# [WORK REQUIRED]
The full listing, excluding its pictures, should be printed exactly as it stands.

# [SUPPLIED INFORMATION]
☆ ☆ ☆ ☆
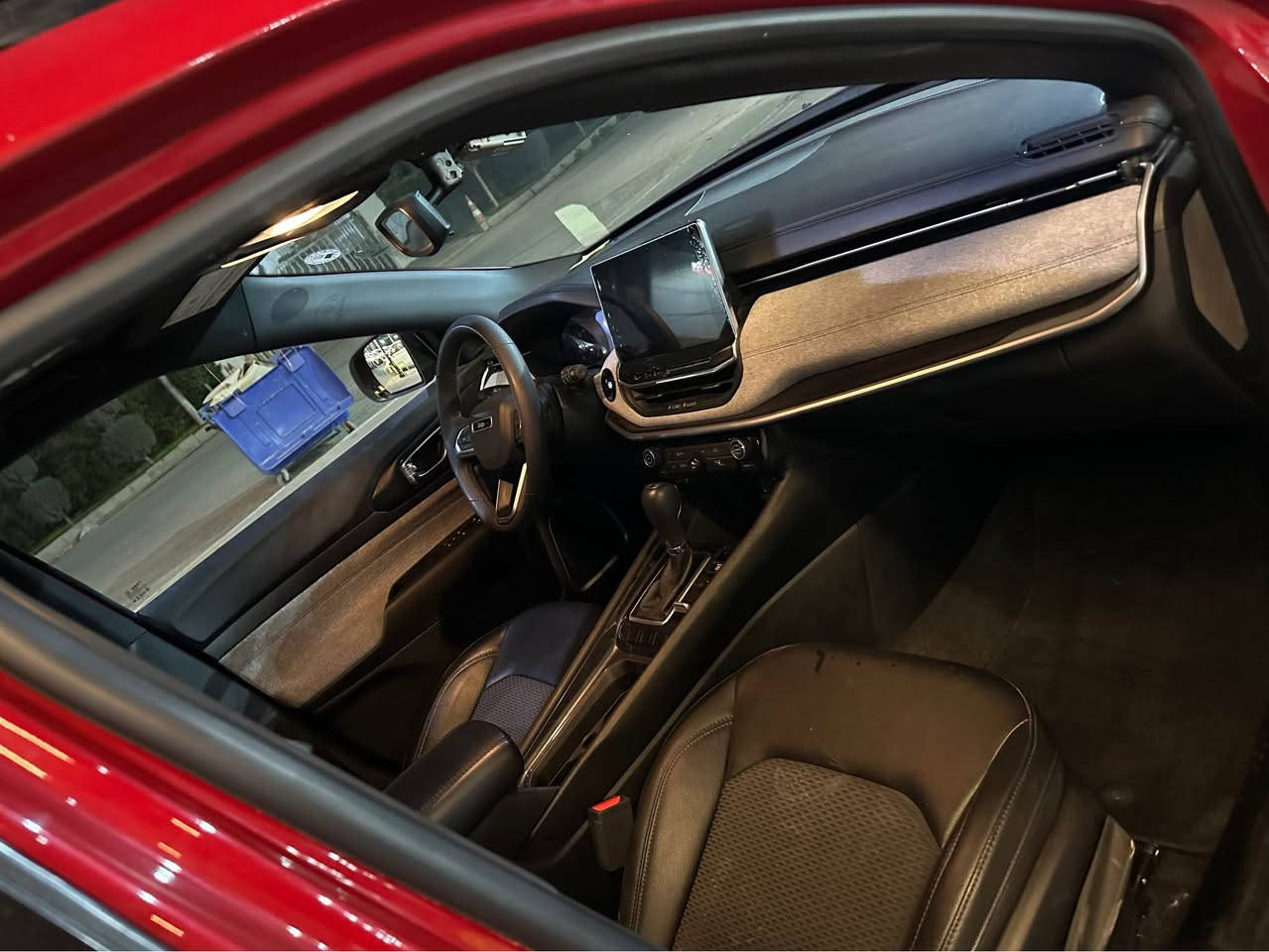 جيب كومباس موديل ٢٠٢٤  -دفع رباعي 4x4- شكل جديد -مرقم كاتي- موجودفحص و هزه مرور -ماشيه ١٦ ميل (٧ قطعات مصبوغ ) -بدون داخل شاصي ايرباك شرط - گيرمحرك شرط …
(113$) السعر 
*********** واتساب كورك أربيل, العراق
☆ ☆ ☆ ☆
# [PROBLEM SOLUTION]
 جيب كومباس موديل ٢٠٢٤  -دفع رباعي 4x4- شكل جديد -مرقم كاتي- موجودفحص و هزه مرور -ماشيه ١٦ ميل (٧ قطعات مصبوغ ) -بدون داخل شاصي ايرباك شرط - گيرمحرك شرط …
(113$) السعر 
*********** واتساب كورك أربيل, العراق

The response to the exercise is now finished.